Toplum ve çevreyle olan münasebetlerin önemi

İnsan, yaşantısında farklı konum ve davranışlar ortaya koyan bir yaratıktır.

Dengeli bir hayat; şahsî ve toplum hayatının fıtratına uygun bir tarzla mümkündür.

İnsan, hemcinsleriyle birlikte yaşama özelliğine sahip bir canlıdır. Medeni dünya, binlerce ihtiyacı olan insanların yaşadığı bir alan. Bu ihtiyaçlarını dünyanın her köşesindeki “hemcinslerinden” karşılayan insanın mecburî irtibat ve paylaşımlarını gerekli kılan kaçınılmaz bir hayat şartları ve yaşantı var.
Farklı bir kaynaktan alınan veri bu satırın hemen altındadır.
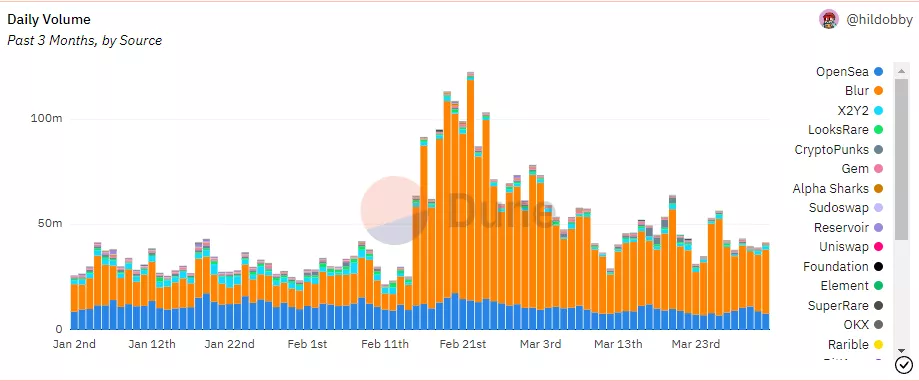 Дневной объем торгов на NFT-маркетплейсах, ETH.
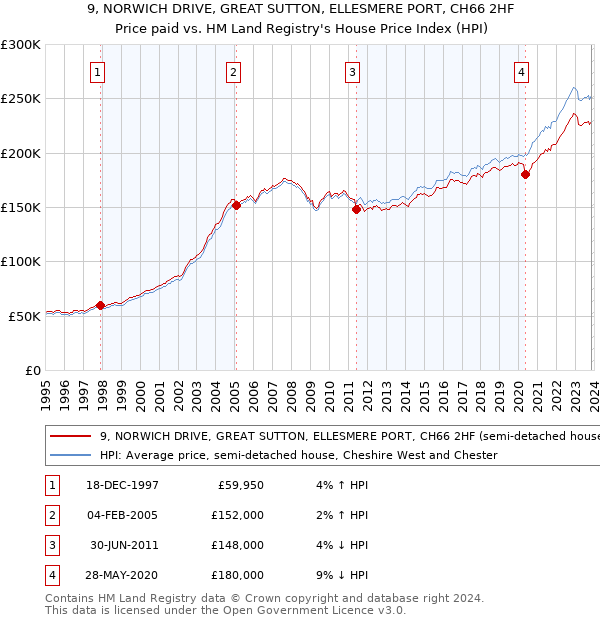 9, NORWICH DRIVE, GREAT SUTTON, ELLESMERE PORT, CH66 2HF: Price paid vs HM Land Registry's House Price Index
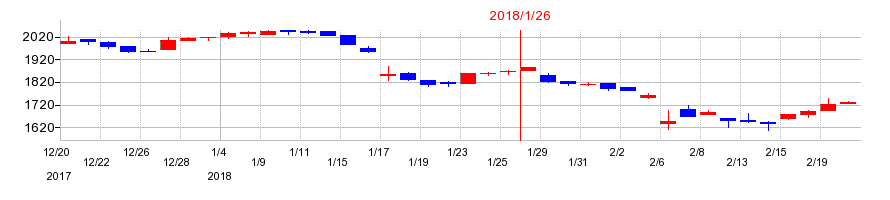 2018年のピープルの配当落ち日前後の株価チャート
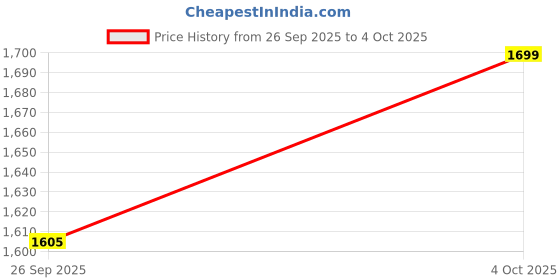 myntra.com Indo Era Embroidered Thread Work Liva Kurta With Trouser & With Dupatta indo era Price History Graph from 26 Sep 2025 to 4 Oct 2025
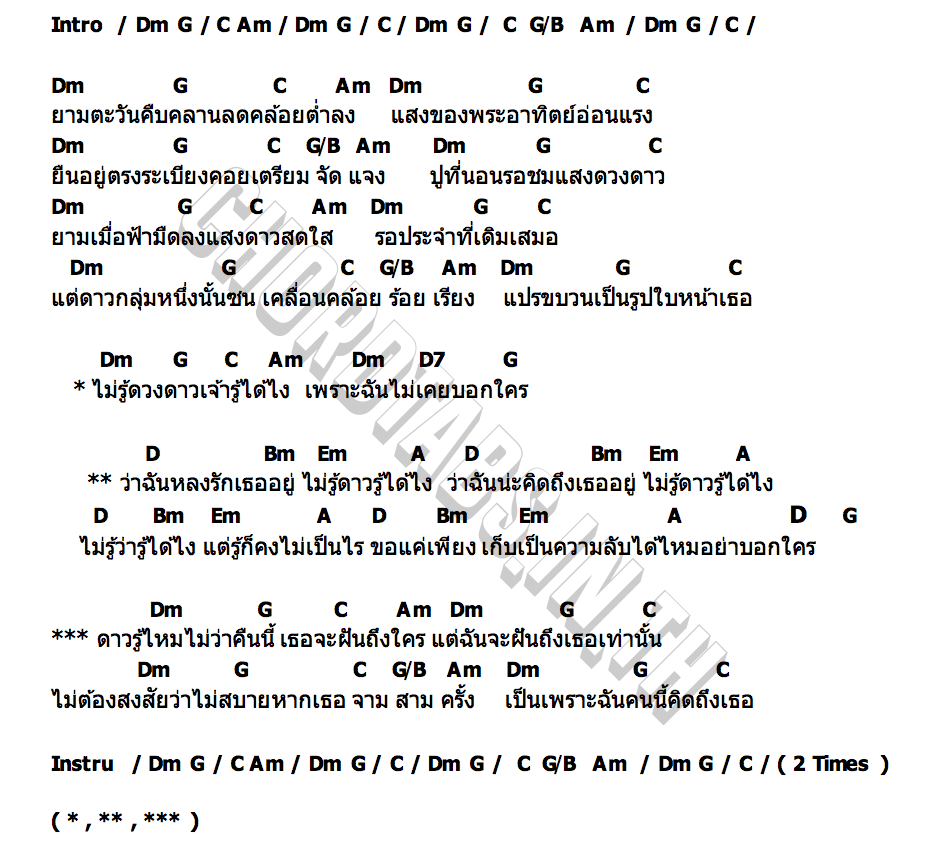 คอร์ด จามสามครั้ง ฮันเตอร์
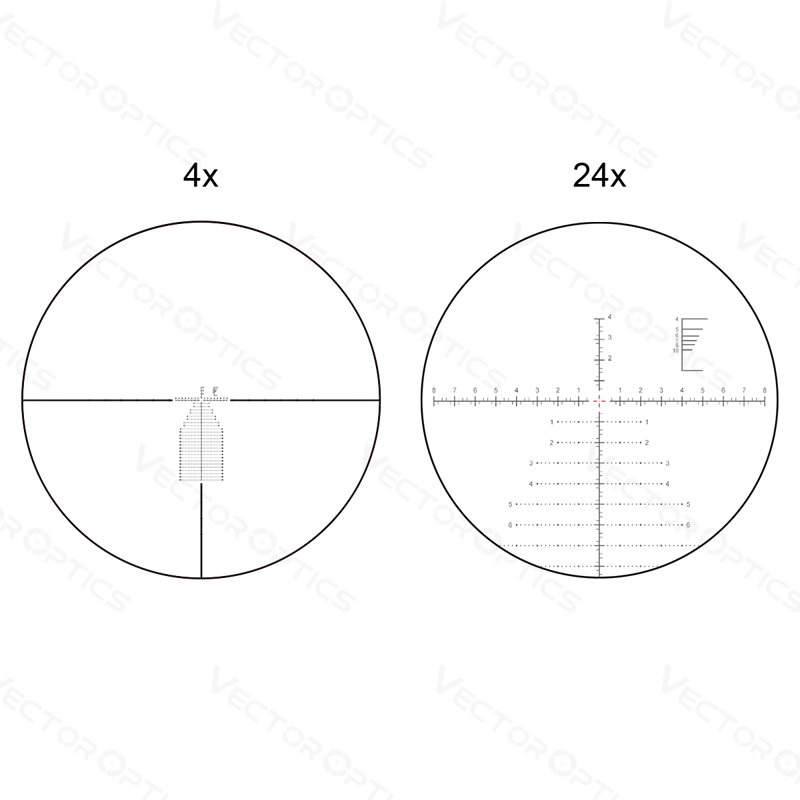 Vector Optics Continental x6 4-24x56 VEC-MBR HD FFP Scope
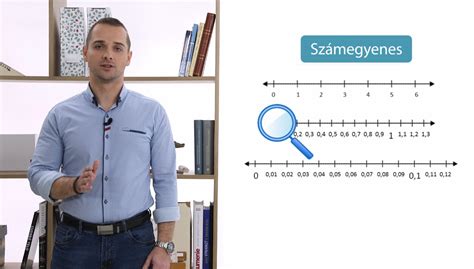 könnyűigék szemléltetése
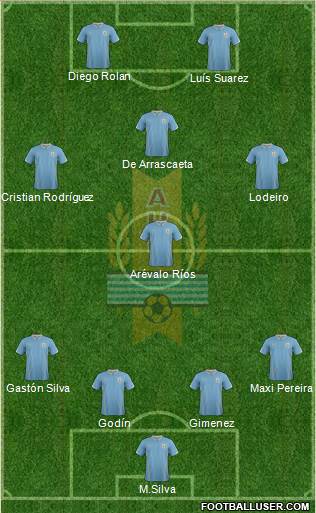 Uruguay Formation 2014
Bu anlayış ve hükümlerin en güzelleri Kur’ân’da, İslâmiyette var olduğu açıktır. Bunu en mükemmel tatbik eden öğreten son peygamber Hz Muhammed’dir. (asm)

Hayatının her anında Kur’ân’ı ve sünneti tavizsiz tek rehber edip ona uygun hareket eden ve asra damgasını vuran bir Bediüzzaman gerçeği var. Bir müçtehid, âlim, müfessir, hoca, üstad, ulema unvanları ile anılmasına rağmen, yaşadığı devirde, sosyal hayata katkısıyla Üstad Bediüzzaman’da bunun en güzel öneklerini görmekteyiz. Lâhikalarındaki tesbitler en güzel örneklerdir.

Muhataplarına, aile efradına, Nurlar’a, katkı yapanlara karşı, o tatlı, nazik, candan ve hasbi hitaplar! Verilen değer, takdir, tebşir ve tebrikler, insanî boyutu hatırlatan harika vesikalar!

O kadar çok örnek var ki; meselâ, Hıristiyanlık dünyasının dinî lideri papadan tutun da, Türkiye sınırları içerisinde her kademedeki siyasetçisinden, bürokratına, köylüsünden esnafına, kadınından, çocuğuna kadar bizzat alâkadar olan, eserlerinin her yerinde bütün insan guruplarına en samimî duygularla hitap edip rehberlik ve önderlik yapan bir “dehanın” dâvâsı için yaptıklarını onun yolunda olanlar bu mesajların tatbiki yönüne de bakıp uygulamak zorunda olmalılar.

Belli bir zaman bölümünde, akraba ve dostlarımızdan başlayarak, sosyal fiilî hizmeti yapmak. Resmî ve özel kuruluş, esnaf ve dost ziyaretlerinde bulunmak. Çeşitli şahıs ve kuruluşların sohbet ve faaliyetlerine katılıp veya onları kendi mekânlarımıza dâvet ederek kaynaşma ve irtibatı sağlamak. Her zemin ve zamanda müsbet manada fikir ve düşüncelerimizi onlarla paylaşmak çok önemli ve faydalı bir faaliyet ve hizmettir.

Yeni Asya okuyucusu, bu konunun en fazla tatbikçisi ve takipçisi olmalıdır. Sorumlu olduğumuz şahsî hizmet faaliyetlerinin dar sınırlarından öteye, sosyal münasebetleri de asla ihmal etmemeliyiz.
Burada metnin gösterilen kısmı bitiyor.